Dalam heningnya pagi ketika waktu menunjukkan pukul 02.01, sebuah pertanyaan yang mengubah segalanya. Satu kalimat yang beranak pinak menjadi beratus-ratus kata. Perjuangan yang kini terlihat ujungnya. Keraguan yang kini tuntas berwarna. Ketidakpastian yang menemui keputusan. Mari kita dengarkan..
Kamu: “Gimana sih sebenarnya aku dalam hidupmu?”
Aku: Tertegun, beberapa menit diam, berfikir, darimana
cerita panjang ini dimulai. Oke baik, aku mulai. “Kala itu, sayu-sayu pagi, aku
mencoba memahami keadaan. Bagaikan burung baru berlatih terbang untuk pertama
kalinya, aku memasuki gerbang sekolah. Masih tertatih-tatih terbang, naik, turun
lagi, tertabrak ranting, melambung lagi, masih terus seperti itu. Sambil mengatur
nafas, gugup yang dirasa menghadapi dunia yang ternyata lebih luas dari ruangan
disangkarku. Dalam keadaan seperti itulah aku mulai mengenalmu.

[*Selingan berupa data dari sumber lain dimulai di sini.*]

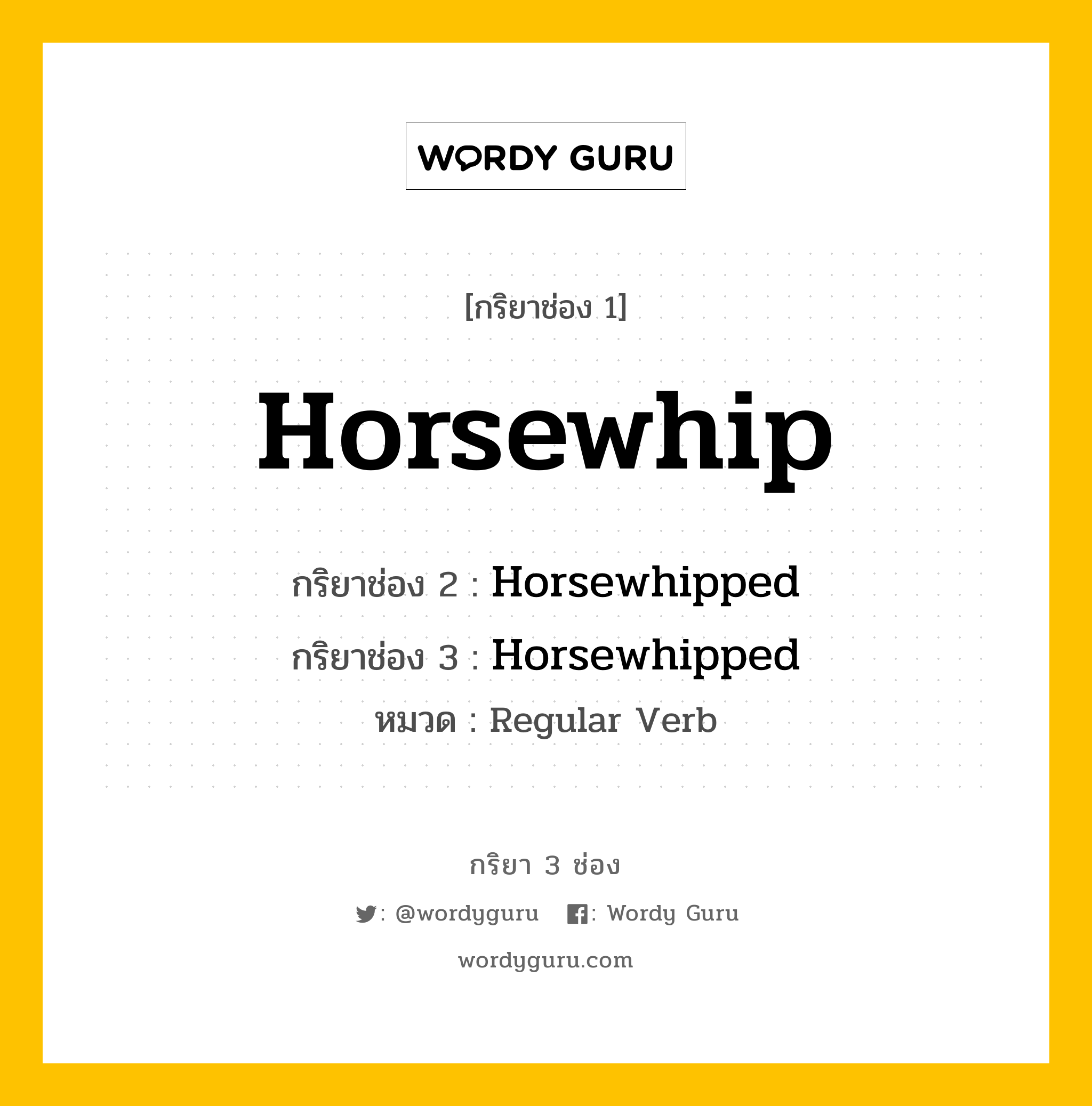 กริยา 3 ช่อง ของ Horsewhip คืออะไร? มาดูคำอ่าน คำแปลกันเลย, กริยาช่อง 1 Horsewhip กริยาช่อง 2 Horsewhipped กริยาช่อง 3 Horsewhipped หมวด Regular Verb หมวด Regular Verb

Seperti kataku diawal tadi, aku masih berfokus pada diri yang baru berlatih terbang. aku dan kamu tiba-tiba terjebak oleh chemistri. Waktu
dilalui, langit berganti, musim baru menanti, aku dan kamu masih tetap berusaha
menjebakan diri dalam chemistri. Tidak ada rintangan berarti dalam bingkai kita,
namun aku masih tertiup angin kesana sini. Kulihat dirimu santai sekali dengan
angin, malah memanfaatkan angin itu untuk membawa kemana kamu inginkan. Dalam keadaan
seperti itu kamu penasaran gak aku berfikir gimana? Bahagia. Melihatmu terbang
tinggi kemanapun kamu mau walaupun keadaanku masih terombang ambing. Begitulah
selalu diriku jika itu tentang kamu.
Dengan keadaan kita yang berbeda tersebut, aku mulai
berusaha memperbaiki semuanya. Hati, fikiran, kekuatan, aku maksimalkan agar
bisa terbang stabil. Hari berganti minggu, minggu beralih bulan, bulan berubah
tahun, lalu tahun saling susul menyusul, aku mulai bisa mengendalikan diri
dalam angin. Lalu aku mencoba berbicara kembali denganmu, mencoba terus
memanggilmu, ‘heeyyyy, what do you feel right now’ ‘heeyyy, do you live your
life’ berteriak-teriak, tidak peduli yang lain tau. Kamu pasti tau kenapa harus
berteriak, karena aku sudah tidak tau lagi bagaimana dirimu, kudengar manusia
saling meneriaki saat posisi hati mereka jauh.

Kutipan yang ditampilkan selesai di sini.